Brief descriptive captions:
- - - - - - -
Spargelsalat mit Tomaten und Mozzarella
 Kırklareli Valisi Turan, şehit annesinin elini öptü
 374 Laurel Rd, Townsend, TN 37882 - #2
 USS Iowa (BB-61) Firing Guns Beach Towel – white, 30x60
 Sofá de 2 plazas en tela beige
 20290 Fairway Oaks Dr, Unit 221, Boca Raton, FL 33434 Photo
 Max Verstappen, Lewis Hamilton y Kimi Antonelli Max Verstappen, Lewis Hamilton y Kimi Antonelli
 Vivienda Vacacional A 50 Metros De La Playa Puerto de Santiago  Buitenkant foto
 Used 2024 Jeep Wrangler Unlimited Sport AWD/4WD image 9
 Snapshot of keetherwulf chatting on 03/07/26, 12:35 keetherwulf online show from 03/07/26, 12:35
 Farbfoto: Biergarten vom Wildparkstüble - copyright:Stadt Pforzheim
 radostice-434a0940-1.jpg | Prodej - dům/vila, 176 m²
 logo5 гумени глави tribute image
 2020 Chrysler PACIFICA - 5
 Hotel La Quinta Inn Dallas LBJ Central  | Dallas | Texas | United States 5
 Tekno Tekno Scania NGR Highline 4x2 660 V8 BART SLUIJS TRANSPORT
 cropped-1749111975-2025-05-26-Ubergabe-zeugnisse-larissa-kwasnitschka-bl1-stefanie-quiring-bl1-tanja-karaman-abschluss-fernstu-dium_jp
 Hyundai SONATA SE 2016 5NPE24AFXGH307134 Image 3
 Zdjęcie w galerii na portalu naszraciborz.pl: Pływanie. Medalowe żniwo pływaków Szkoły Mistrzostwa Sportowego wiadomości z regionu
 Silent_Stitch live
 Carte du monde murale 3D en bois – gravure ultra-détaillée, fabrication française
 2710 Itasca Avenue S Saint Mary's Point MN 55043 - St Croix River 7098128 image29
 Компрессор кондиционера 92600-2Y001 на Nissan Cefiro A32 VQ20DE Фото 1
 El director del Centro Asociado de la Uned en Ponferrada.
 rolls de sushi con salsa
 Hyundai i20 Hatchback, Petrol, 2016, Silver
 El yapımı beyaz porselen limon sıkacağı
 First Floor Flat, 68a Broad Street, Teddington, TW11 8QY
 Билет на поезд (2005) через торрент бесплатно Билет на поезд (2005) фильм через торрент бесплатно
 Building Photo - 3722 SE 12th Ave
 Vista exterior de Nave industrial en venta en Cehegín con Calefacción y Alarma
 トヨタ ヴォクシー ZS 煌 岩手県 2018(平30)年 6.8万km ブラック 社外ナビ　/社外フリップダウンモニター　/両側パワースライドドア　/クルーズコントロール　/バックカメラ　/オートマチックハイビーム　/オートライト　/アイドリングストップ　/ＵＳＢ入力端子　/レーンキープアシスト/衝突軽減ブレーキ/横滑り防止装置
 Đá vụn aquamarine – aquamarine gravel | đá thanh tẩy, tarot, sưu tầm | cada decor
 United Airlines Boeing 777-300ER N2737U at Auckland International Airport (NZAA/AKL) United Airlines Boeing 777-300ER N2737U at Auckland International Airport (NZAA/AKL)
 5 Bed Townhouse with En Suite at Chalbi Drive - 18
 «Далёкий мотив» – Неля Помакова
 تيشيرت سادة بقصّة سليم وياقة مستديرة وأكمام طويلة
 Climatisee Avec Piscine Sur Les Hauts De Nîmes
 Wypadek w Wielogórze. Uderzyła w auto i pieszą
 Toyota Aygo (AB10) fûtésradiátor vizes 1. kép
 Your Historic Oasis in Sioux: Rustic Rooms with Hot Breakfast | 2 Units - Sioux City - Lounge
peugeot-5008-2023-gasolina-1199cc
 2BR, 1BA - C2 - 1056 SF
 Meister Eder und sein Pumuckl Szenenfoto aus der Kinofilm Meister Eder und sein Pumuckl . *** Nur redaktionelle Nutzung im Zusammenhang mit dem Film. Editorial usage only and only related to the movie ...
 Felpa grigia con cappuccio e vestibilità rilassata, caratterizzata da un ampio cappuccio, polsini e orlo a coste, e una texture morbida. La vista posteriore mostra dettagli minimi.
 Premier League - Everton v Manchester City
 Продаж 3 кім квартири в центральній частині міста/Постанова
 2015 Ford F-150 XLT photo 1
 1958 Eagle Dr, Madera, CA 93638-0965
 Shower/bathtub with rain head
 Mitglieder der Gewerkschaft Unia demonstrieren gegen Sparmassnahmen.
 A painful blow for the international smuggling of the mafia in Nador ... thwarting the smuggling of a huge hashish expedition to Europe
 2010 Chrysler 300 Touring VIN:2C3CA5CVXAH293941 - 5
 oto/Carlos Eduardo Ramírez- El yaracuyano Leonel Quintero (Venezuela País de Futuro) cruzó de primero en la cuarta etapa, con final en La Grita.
- - - - - - -
Copy only the entries from the first line to the line with "Carte du monde", each exactly as it appears.

Spargelsalat mit Tomaten und Mozzarella
 Kırklareli Valisi Turan, şehit annesinin elini öptü
 374 Laurel Rd, Townsend, TN 37882 - #2
 USS Iowa (BB-61) Firing Guns Beach Towel – white, 30x60
 Sofá de 2 plazas en tela beige
 20290 Fairway Oaks Dr, Unit 221, Boca Raton, FL 33434 Photo
 Max Verstappen, Lewis Hamilton y Kimi Antonelli Max Verstappen, Lewis Hamilton y Kimi Antonelli
 Vivienda Vacacional A 50 Metros De La Playa Puerto de Santiago  Buitenkant foto
 Used 2024 Jeep Wrangler Unlimited Sport AWD/4WD image 9
 Snapshot of keetherwulf chatting on 03/07/26, 12:35 keetherwulf online show from 03/07/26, 12:35
 Farbfoto: Biergarten vom Wildparkstüble - copyright:Stadt Pforzheim
 radostice-434a0940-1.jpg | Prodej - dům/vila, 176 m²
 logo5 гумени глави tribute image
 2020 Chrysler PACIFICA - 5
 Hotel La Quinta Inn Dallas LBJ Central  | Dallas | Texas | United States 5
 Tekno Tekno Scania NGR Highline 4x2 660 V8 BART SLUIJS TRANSPORT
 cropped-1749111975-2025-05-26-Ubergabe-zeugnisse-larissa-kwasnitschka-bl1-stefanie-quiring-bl1-tanja-karaman-abschluss-fernstu-dium_jp
 Hyundai SONATA SE 2016 5NPE24AFXGH307134 Image 3
 Zdjęcie w galerii na portalu naszraciborz.pl: Pływanie. Medalowe żniwo pływaków Szkoły Mistrzostwa Sportowego wiadomości z regionu
 Silent_Stitch live
 Carte du monde murale 3D en bois – gravure ultra-détaillée, fabrication française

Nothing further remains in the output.